I don't believe the just kidding part Melian haha


----------



## Melian (Jan 6, 2008)

David Bowie said:


> I don't believe the just kidding part Melian haha



Hey! Just because I'm crude, blunt and listen to black metal, it still doesn't make me a man! I should slap you with my penis.....er...... :doh:


----------



## David Bowie (Jan 6, 2008)

haha BRING IT !

:happy:


----------



## Molly (Jan 7, 2008)

I would love to hear a cheesy pick up line involving the words "hot tub".

I used a fair deal of hot tub related innuendos back when I was dating a ssbhm with one. To this day, if I hear someone mention a "hot tub", I alway hope they are talking about a hot tubby man.


----------



## Fatgator (Jan 7, 2008)

Molly said:


> I would love to hear a cheesy pick up line involving the words "hot tub".
> 
> I used a fair deal of hot tub related innuendos back when I was dating a ssbhm with one. To this day, if I hear someone mention a "hot tub", I alway hope they are talking about a hot tubby man.

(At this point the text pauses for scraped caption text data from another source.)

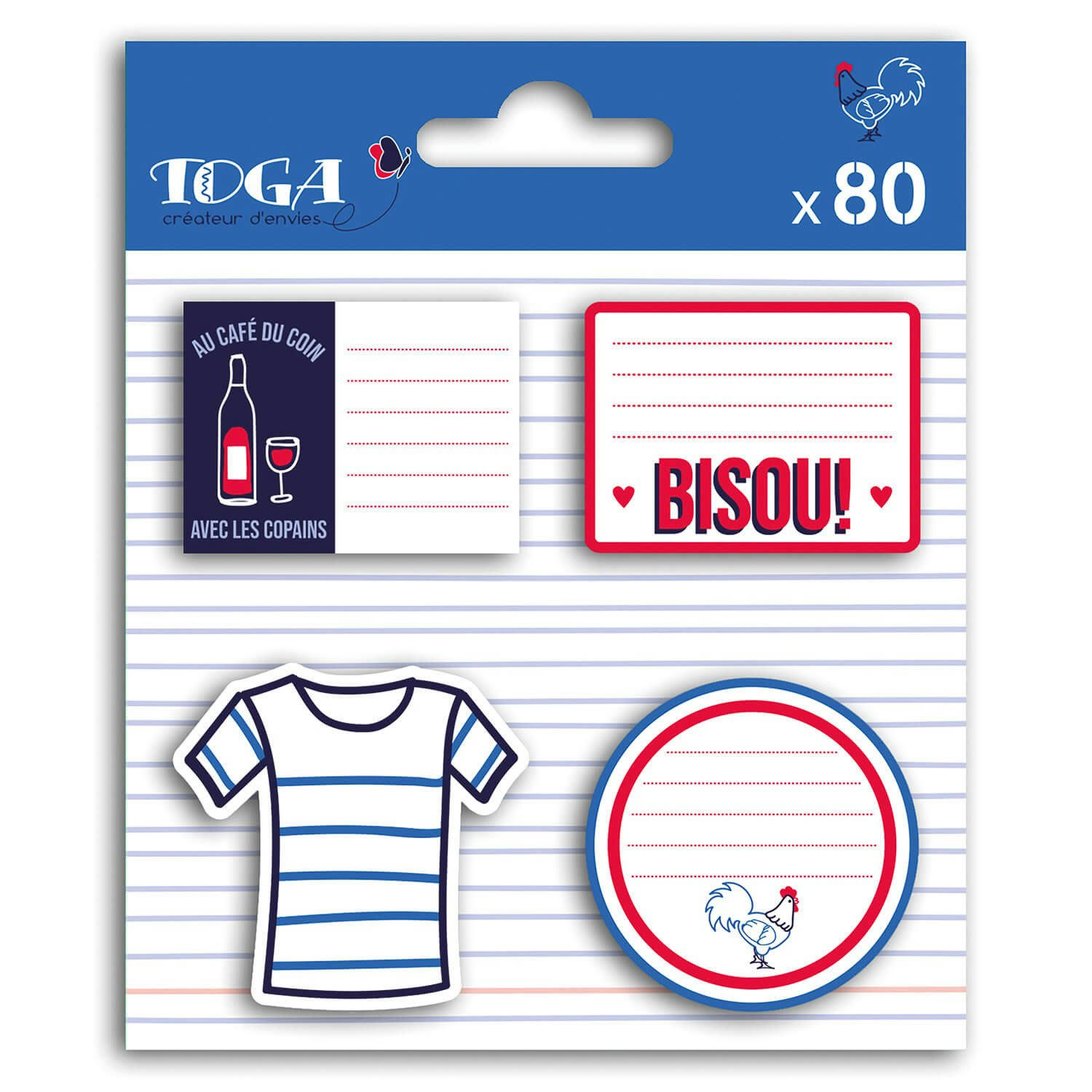 - Lot de 80 sticky notes frenchy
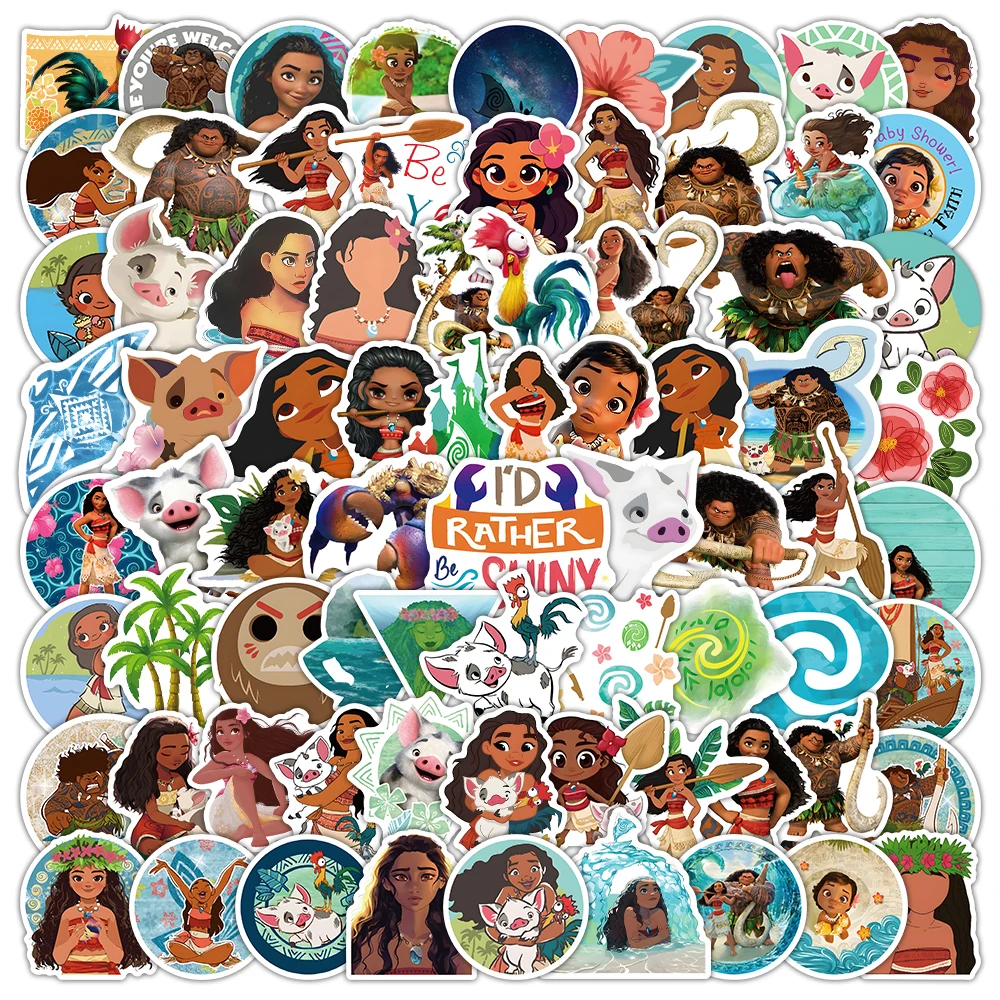 10/30/50/100 pçs disney bonito moana anime adesivos dos desenhos animados decalques diy scrapbook mala portátil decoração do carro adesivo diversão fot brinquedo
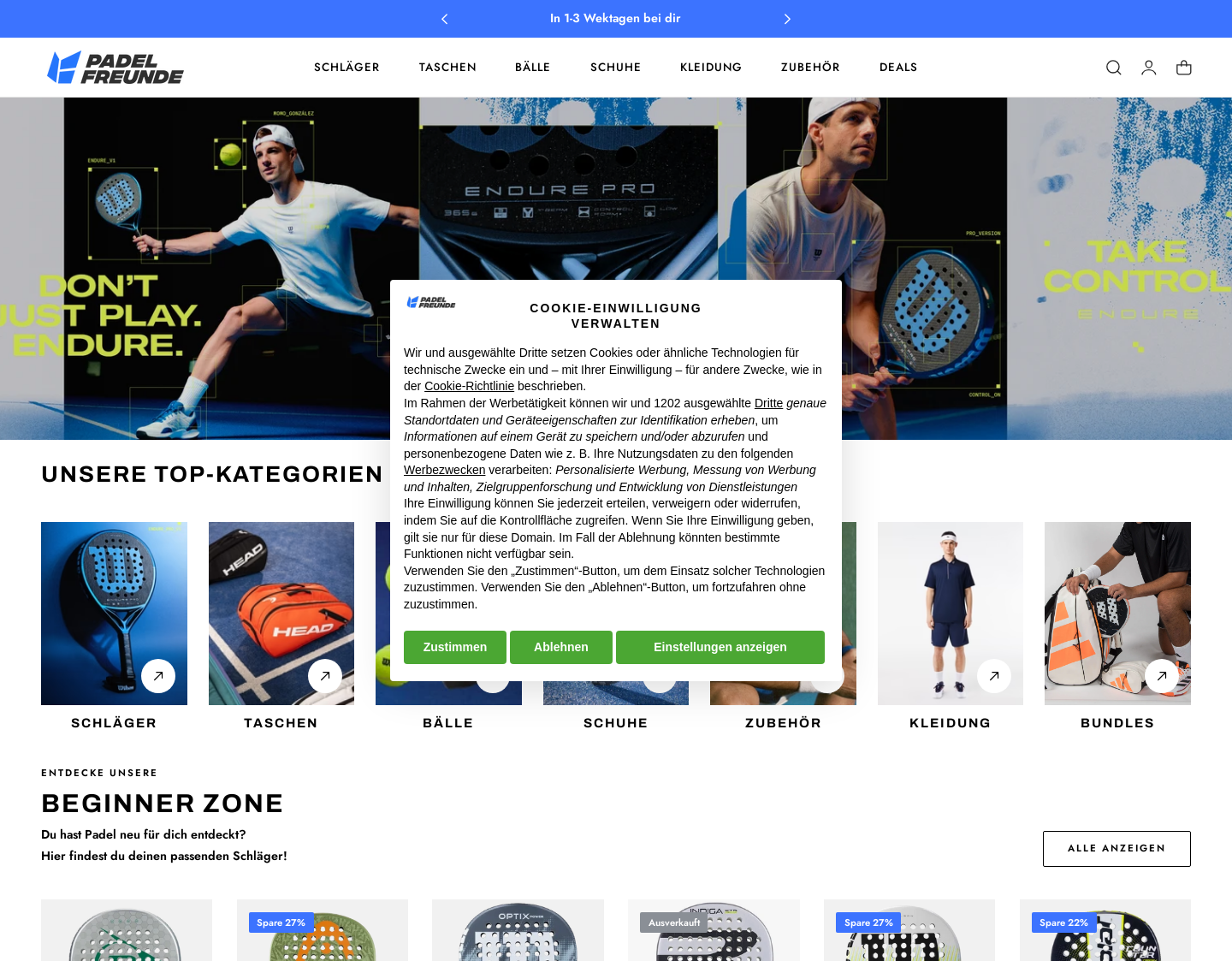 Aktuelle Website-Vorschau von Die Padelfreunde UG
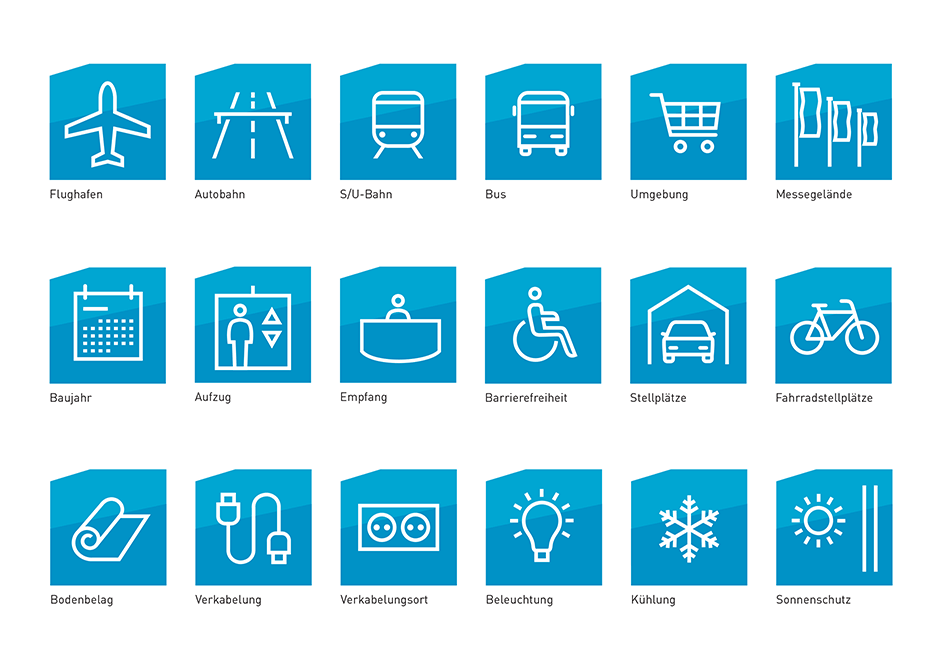 Icons / Symbole für die Immobilien-Vermarktung: Baujahr, Aufzug, Stellplätze, Verkabelung, Sonnenschutz, etc.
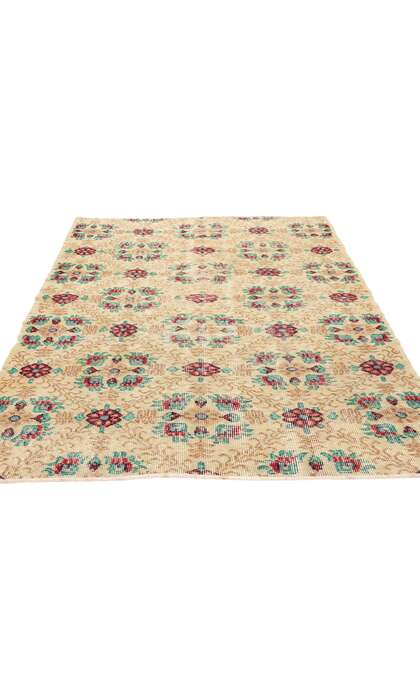 4 x 7 Distressed Vintage Turkish Sivas Rug 51950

Here's one, this will sound dumb but I'm just taking a shot.

Would you like to go for a dip in the hot tub above my pants? (maybe say "hot tub of fat above my pants" instead?)


----------



## TeddyIsMyHero (Jan 9, 2008)

Melian said:


> "Hehe. You look like you like to eat. How'd you like to eat me o...."
> 
> Damn, can I say that here?



Ha! That's awesome. BTW, it makes me so happy you're a Metalocolypse (sp?) fan. Dethklok rocks.


----------



## Melian (Jan 9, 2008)

TeddyIsMyHero said:


> Ha! That's awesome. BTW, it makes me so happy you're a Metalocolypse (sp?) fan. Dethklok rocks.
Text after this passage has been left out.